WORK TO BE COMPLETED =
Exactly the lines from the one containing "ARIPA SPATE DREAPTA" through the end of the listing below are required, restated word for word and without pictures.

DATA BELOW =
————————

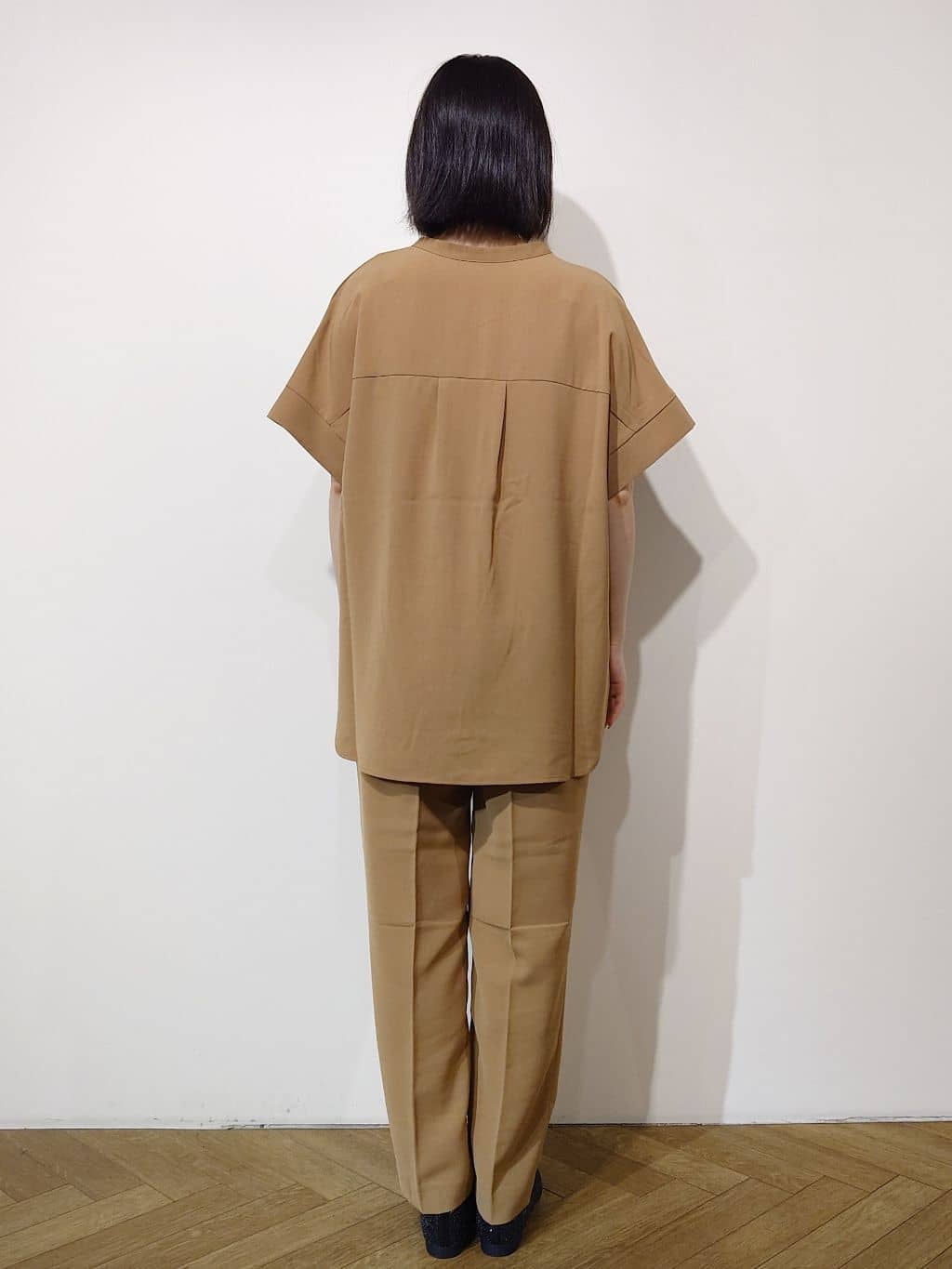 Uさんの「OPAQUE.CLIP｜《5色展開／SS-LLサイズ》スキッパー金ボタンブラウス／セットアップ対応【防シワ／ストレッチ／洗濯」を使ったコーディネート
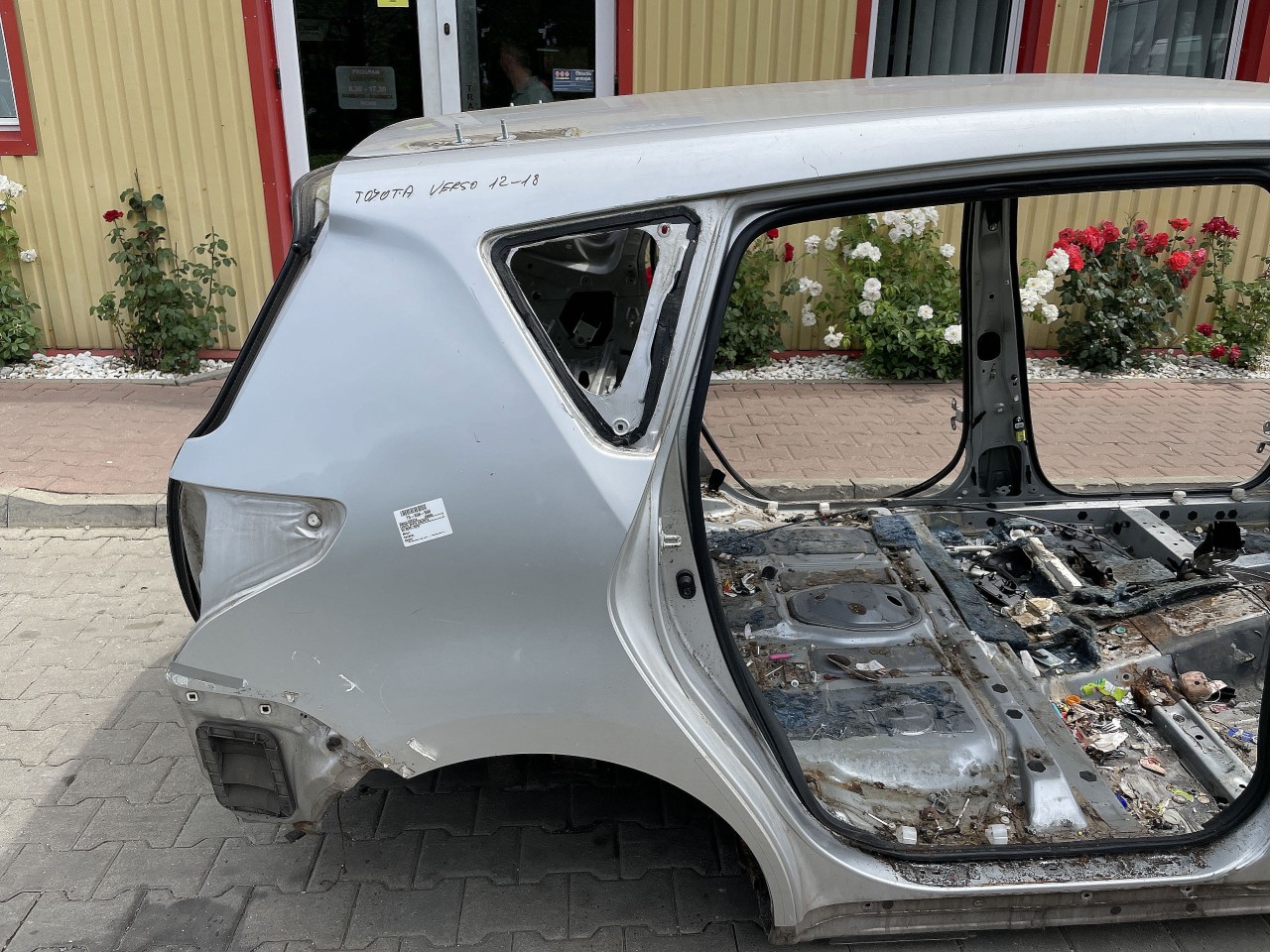 ARIPA SPATE DREAPTA TOYOTA VERSO - - (2012 2018)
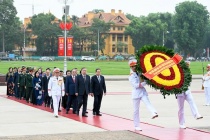 Lãnh đạo Đảng, Nhà nước vào Lăng viếng Chủ tịch Hồ Chí Minh nhân kỷ niệm 51 năm Ngày giải phóng miền Nam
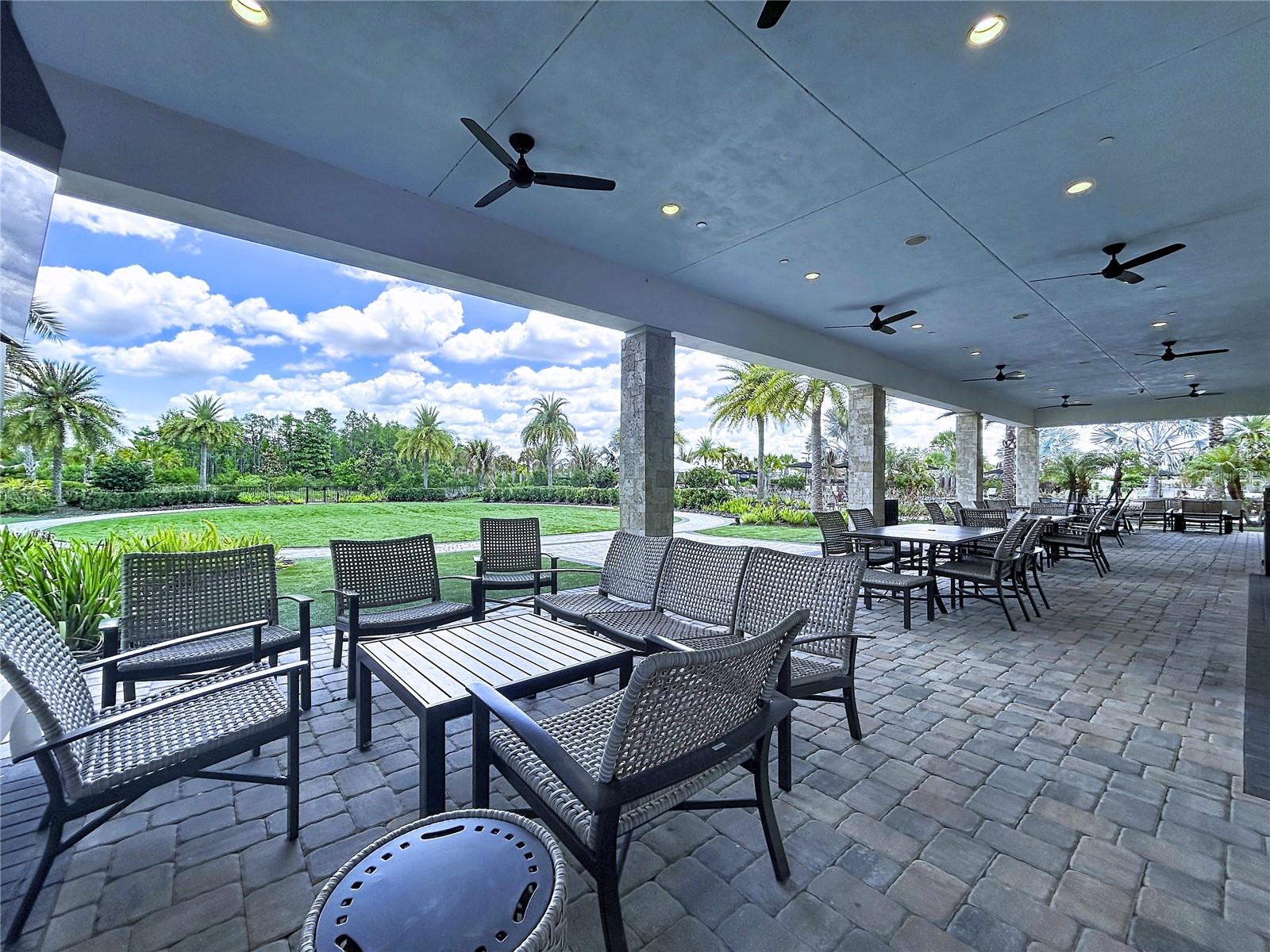 4610 GAROFALO RD, WESLEY CHAPEL, FL, 33543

————————

RESPONSE FOR THIS EXERCISE =
 ARIPA SPATE DREAPTA TOYOTA VERSO - - (2012 2018)
 Lãnh đạo Đảng, Nhà nước vào Lăng viếng Chủ tịch Hồ Chí Minh nhân kỷ niệm 51 năm Ngày giải phóng miền Nam
 4610 GAROFALO RD, WESLEY CHAPEL, FL, 33543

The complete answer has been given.